_TASK INPUT:_
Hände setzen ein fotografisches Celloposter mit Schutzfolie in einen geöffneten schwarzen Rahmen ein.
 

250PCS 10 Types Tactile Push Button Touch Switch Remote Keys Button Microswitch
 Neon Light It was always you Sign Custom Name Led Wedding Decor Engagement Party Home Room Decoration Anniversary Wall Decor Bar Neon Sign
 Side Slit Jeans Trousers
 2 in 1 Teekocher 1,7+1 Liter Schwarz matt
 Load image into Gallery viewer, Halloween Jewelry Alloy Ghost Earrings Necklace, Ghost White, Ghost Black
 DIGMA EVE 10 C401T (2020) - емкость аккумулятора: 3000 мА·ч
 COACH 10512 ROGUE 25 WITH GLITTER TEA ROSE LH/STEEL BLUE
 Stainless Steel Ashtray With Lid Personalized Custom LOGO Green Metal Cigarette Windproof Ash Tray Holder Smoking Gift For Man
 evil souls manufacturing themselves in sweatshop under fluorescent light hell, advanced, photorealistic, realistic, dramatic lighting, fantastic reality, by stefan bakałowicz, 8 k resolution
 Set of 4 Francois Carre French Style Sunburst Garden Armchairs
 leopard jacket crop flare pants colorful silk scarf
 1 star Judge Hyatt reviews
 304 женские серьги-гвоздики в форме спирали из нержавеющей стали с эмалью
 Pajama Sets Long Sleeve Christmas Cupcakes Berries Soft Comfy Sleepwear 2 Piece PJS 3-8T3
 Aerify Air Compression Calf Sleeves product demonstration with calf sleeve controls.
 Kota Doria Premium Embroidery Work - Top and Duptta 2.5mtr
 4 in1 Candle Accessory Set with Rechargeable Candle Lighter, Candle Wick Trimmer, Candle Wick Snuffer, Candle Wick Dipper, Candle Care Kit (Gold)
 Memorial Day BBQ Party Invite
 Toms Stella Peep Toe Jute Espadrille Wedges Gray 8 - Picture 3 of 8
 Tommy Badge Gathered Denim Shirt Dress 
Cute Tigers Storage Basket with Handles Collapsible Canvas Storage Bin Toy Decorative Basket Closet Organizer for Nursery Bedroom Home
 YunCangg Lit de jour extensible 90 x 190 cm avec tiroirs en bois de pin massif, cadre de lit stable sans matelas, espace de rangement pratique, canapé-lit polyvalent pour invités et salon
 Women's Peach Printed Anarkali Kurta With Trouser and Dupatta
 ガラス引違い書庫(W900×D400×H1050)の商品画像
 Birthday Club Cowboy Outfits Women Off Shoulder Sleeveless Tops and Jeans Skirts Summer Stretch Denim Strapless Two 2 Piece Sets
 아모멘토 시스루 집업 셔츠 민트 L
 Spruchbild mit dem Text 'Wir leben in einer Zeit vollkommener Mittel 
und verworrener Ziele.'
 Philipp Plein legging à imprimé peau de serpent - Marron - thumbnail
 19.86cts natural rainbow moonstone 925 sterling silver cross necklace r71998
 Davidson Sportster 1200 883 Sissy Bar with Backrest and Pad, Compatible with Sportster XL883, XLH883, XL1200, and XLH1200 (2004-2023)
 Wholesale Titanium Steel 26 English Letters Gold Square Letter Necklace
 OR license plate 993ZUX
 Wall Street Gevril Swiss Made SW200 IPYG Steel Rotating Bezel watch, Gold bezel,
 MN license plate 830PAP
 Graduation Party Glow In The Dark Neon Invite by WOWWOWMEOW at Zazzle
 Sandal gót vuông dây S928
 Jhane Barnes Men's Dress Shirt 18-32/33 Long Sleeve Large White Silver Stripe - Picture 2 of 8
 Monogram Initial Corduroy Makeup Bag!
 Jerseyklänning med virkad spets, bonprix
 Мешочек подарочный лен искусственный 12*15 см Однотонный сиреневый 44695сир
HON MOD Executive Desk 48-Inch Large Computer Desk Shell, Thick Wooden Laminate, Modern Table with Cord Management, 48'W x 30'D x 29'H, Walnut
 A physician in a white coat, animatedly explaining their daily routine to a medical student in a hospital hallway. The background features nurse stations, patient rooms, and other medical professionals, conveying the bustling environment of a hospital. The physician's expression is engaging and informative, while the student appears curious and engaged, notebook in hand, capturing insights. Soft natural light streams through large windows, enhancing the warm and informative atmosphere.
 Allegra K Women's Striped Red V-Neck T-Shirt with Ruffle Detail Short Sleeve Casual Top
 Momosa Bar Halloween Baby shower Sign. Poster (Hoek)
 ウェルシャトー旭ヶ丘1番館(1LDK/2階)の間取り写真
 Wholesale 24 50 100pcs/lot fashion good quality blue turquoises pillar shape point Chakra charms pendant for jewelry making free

_AIM OF THE EXERCISE:_ For the word "Halloween", count the lines of the listing above that hold it; the number alone is the answer.

_ANSWER:_ 2